Verify and read data in Amazon Kinesis  

To read data continuously from a stream, the Amazon Kinesis API provides the getShardIterator and getRecords methods, representing a pull model that draws data directly from specified shards in the stream. You retrieve records from the stream on a per-shard basis; for each shard and each batch of records, you need to obtain a shard iterator, which specifies the position in the shard from which to start reading data records sequentially. Obtain the initial shard iterator using getShardIterator. Next, instantiate a GetRecordsRequest object and specify the iterator for the request using the setShardIterator method. Obtain shard iterators for additional batches of records using the getNextShardIterator method. To get the data records, call the getRecords method and continue to loop through the next shard iterator as follows. 

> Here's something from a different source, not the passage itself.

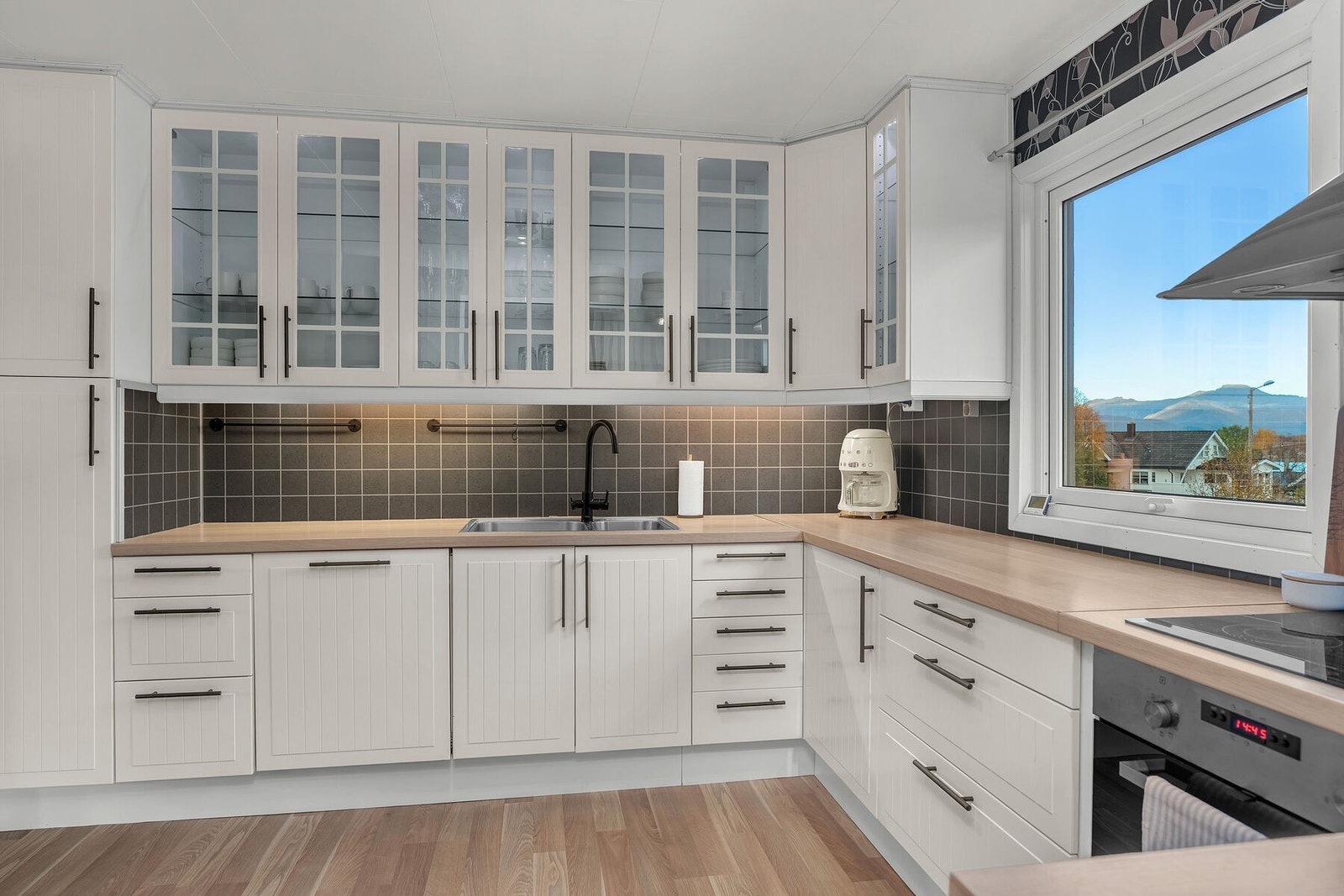 Kjøkken med god skap- og benkeplass. Galleribilde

The following code specifies TRIM_HORIZON as the iterator type when you obtain the initial shard iterator, which means records should be returned beginning with the first record added to the shard. For more information about using shard iterators, see Using Shard Iterators.

import boto3
import time
client = boto3.client(‘kinesis’)
shard_id = ‘shardId-000000000000′
shard_iterator = client.get_shard_iterator(StreamName=’Kinesis_Twitter’, ShardId=shard_id,ShardIteratorType=’TRIM_HORIZON’)[‘ShardIterator’]
i=100
while i > 0:
out = client.get_records(ShardIterator=shard_iterator, Limit=5)
shard_iterator = out[‘NextShardIterator’]
i=i-1
print out;
time.sleep(0.5)

So far, you’ve set up Tweepy to access Twitter feeds, configured Amazon Kinesis to ingest Twitter feeds, and verified data in the stream.  Now, set up Splunk on an EC2 instance, connect Splunk to an Amazon Kinesis stream, and finally visualize Twitter data in a Splunk dashboard.

Install and set up Splunk

Splunk Enterprise is available as an Amazon Machine Image on the AWS Marketplace.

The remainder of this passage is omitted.